::: Data :::

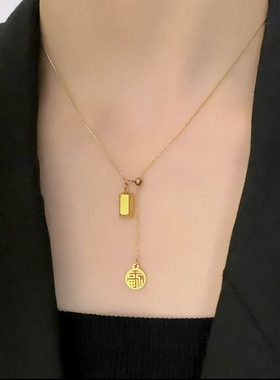 设计感招财小金条抽拉锁骨链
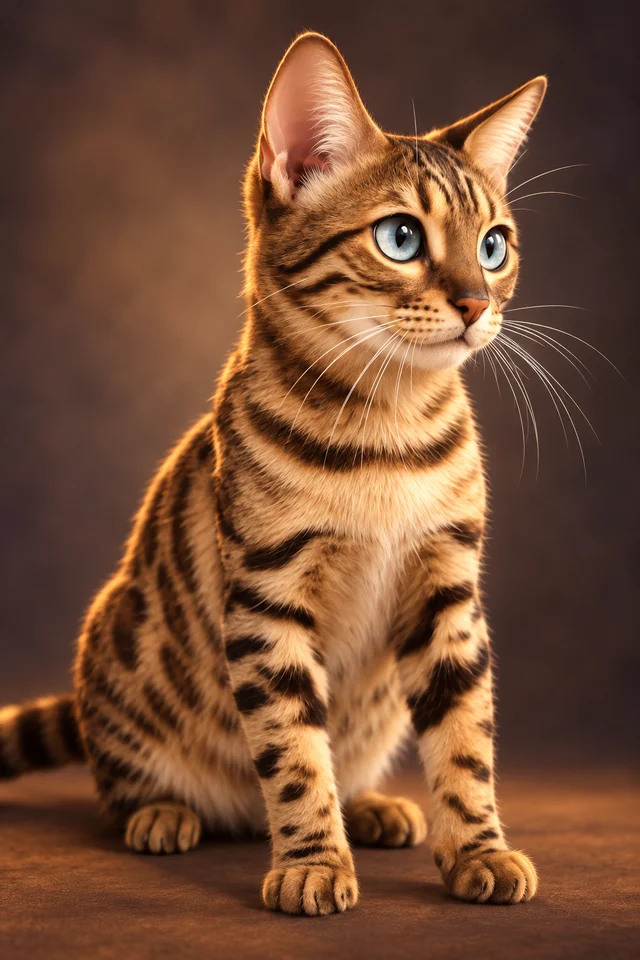 Disney Pixar portrait made from bengal cat studio portrait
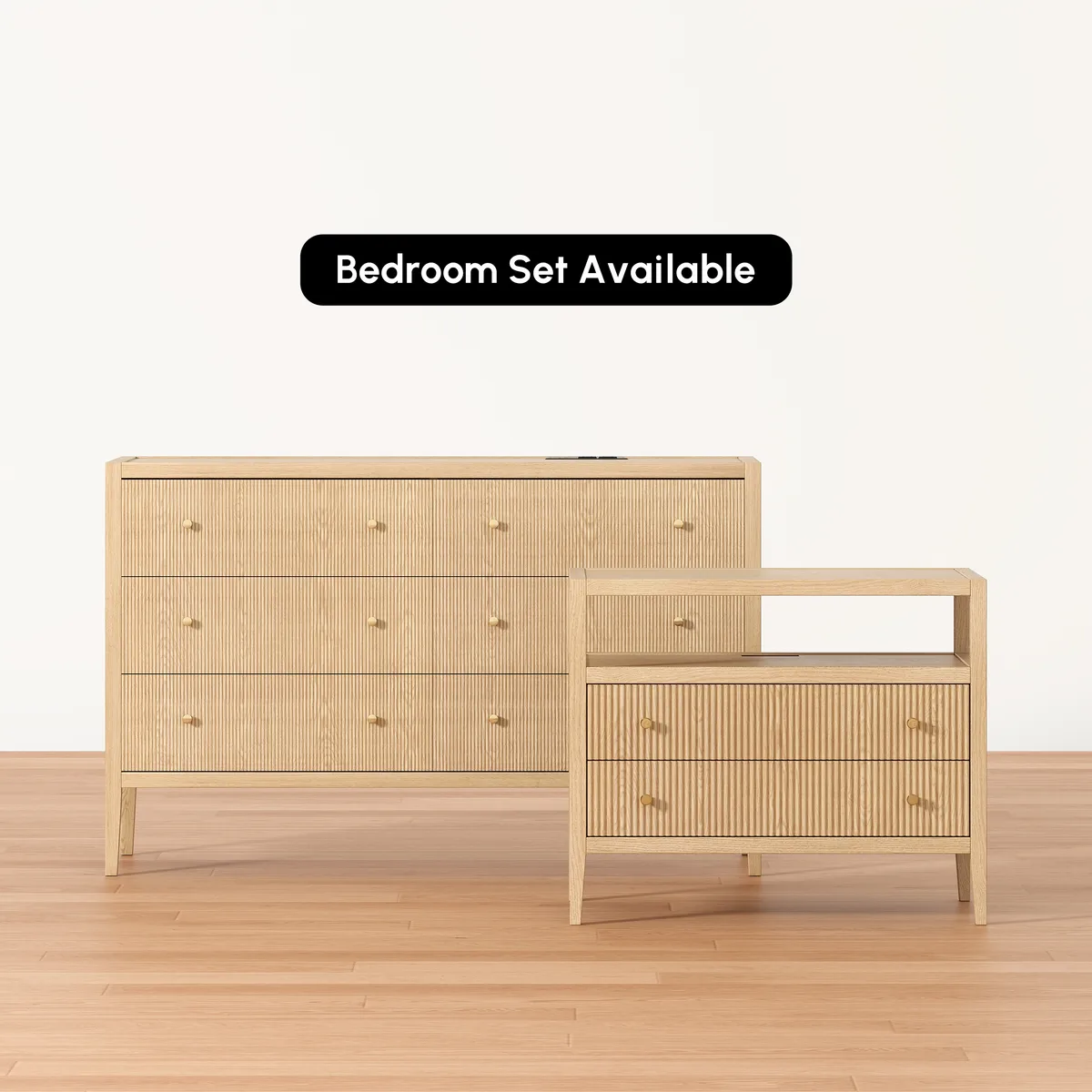 47" Fluted Natural 6-Drawer Dresser with Charging Station — image 7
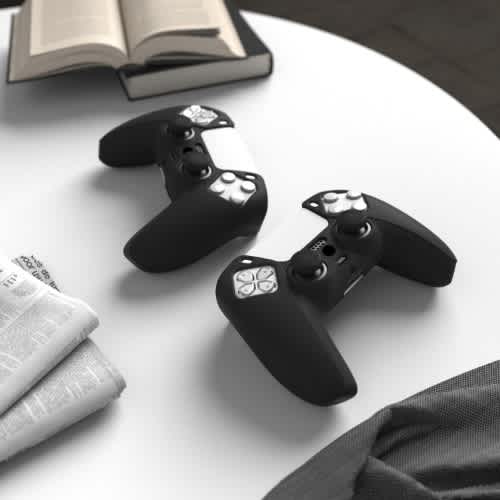 Anti-slip Silicone Cover Skin For Ps5 Controller With Black Thumb Grip Caps - View 4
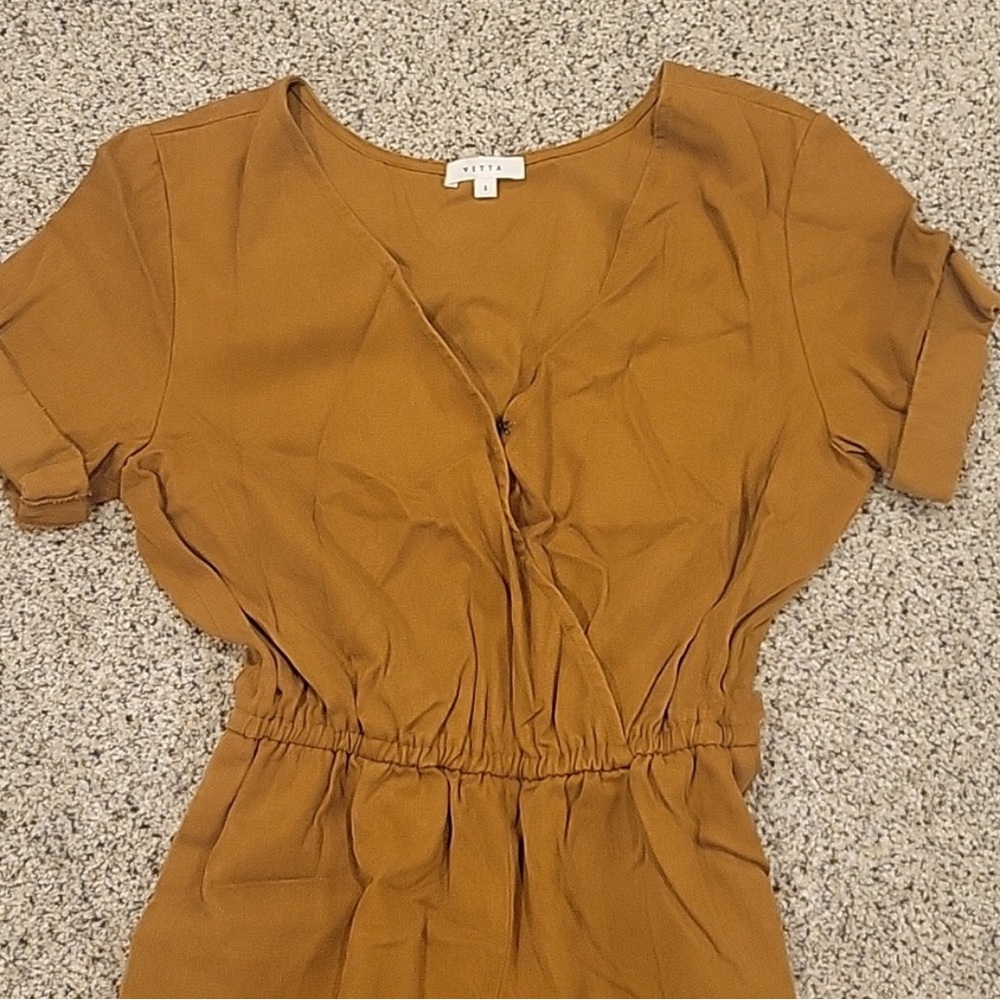 Vetta The Wrap Jumpsuit Gold Canvas Capsule Wardrobe Small - Picture 4 of 6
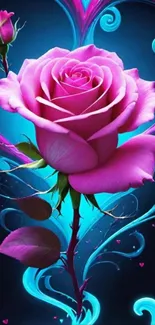 Vibrant pink rose with heart vines and blue accents.
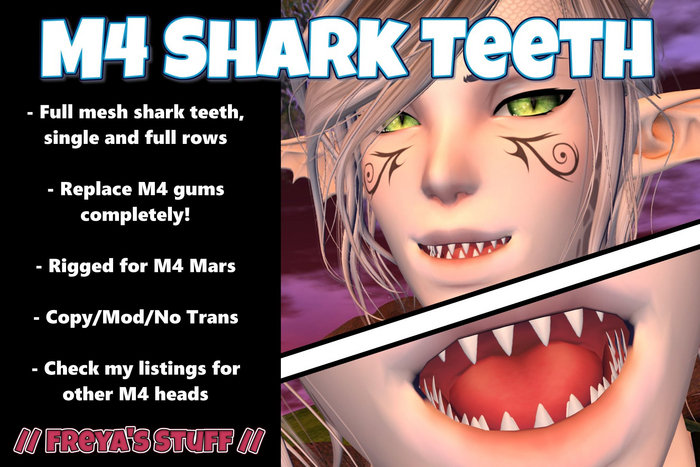// FREYA'S STUFF // M4 Shark Teeth Mars // Rigged Mesh Monster Chomper Teeth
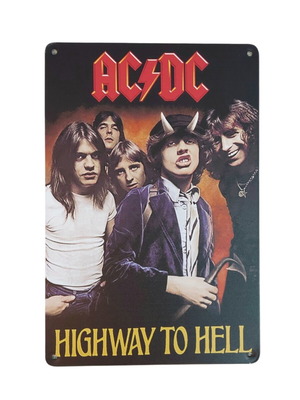 AC/DC Метална декорация за стена нова, 30x20 см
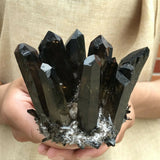 Natural Black Smokey Quartz Crystal Cluster Mineral Specimen Healing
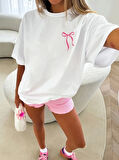 Yonca Moda Evi Fiyonk Baskılı Oversize Bisiklet Yaka T-shirt - Beyaz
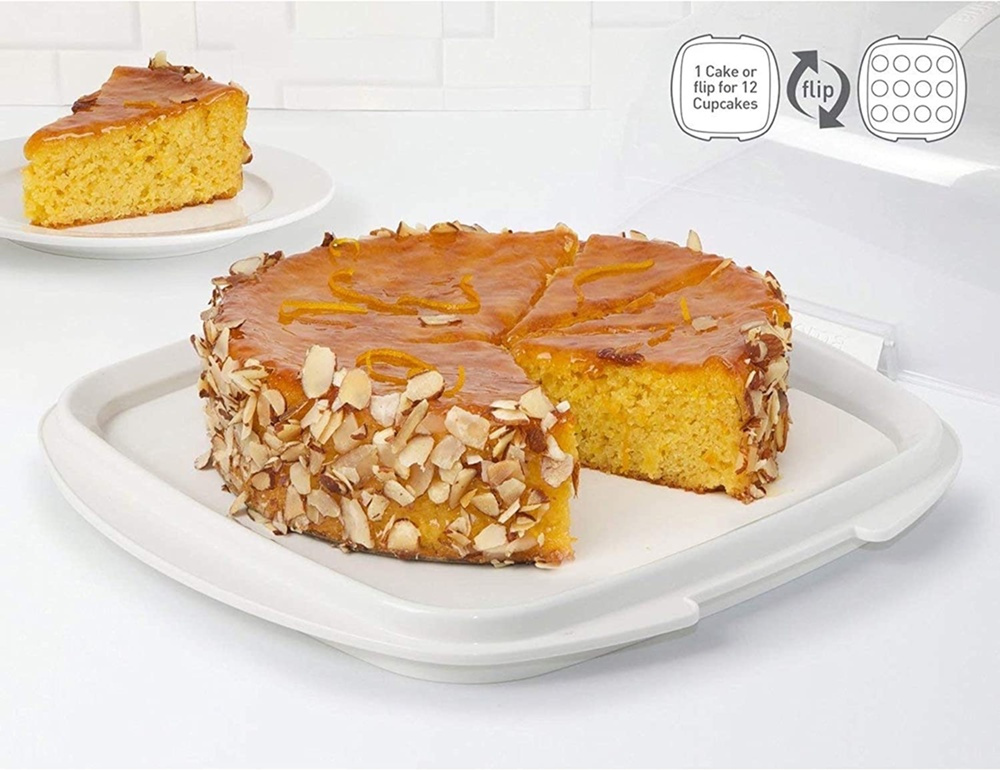 Tårtfat med lock, SISTEMA BAKE IT CAKE & CUPCAKE BOX. Transparent / Vit i gruppen Förvaring / Köksförvaring hos SmartaSaker.se (43145)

:::

» **Exercise instructions**
Copy only this from above: the line containing "Anti-slip Silicone Cover", the line containing "Natural Black Smokey", and all lines between, printed exactly. Leave out the pictures.

» **The answer**
 Anti-slip Silicone Cover Skin For Ps5 Controller With Black Thumb Grip Caps - View 4
 Vetta The Wrap Jumpsuit Gold Canvas Capsule Wardrobe Small - Picture 4 of 6
 Vibrant pink rose with heart vines and blue accents.
// FREYA'S STUFF // M4 Shark Teeth Mars // Rigged Mesh Monster Chomper Teeth
 AC/DC Метална декорация за стена нова, 30x20 см
 Natural Black Smokey Quartz Crystal Cluster Mineral Specimen Healing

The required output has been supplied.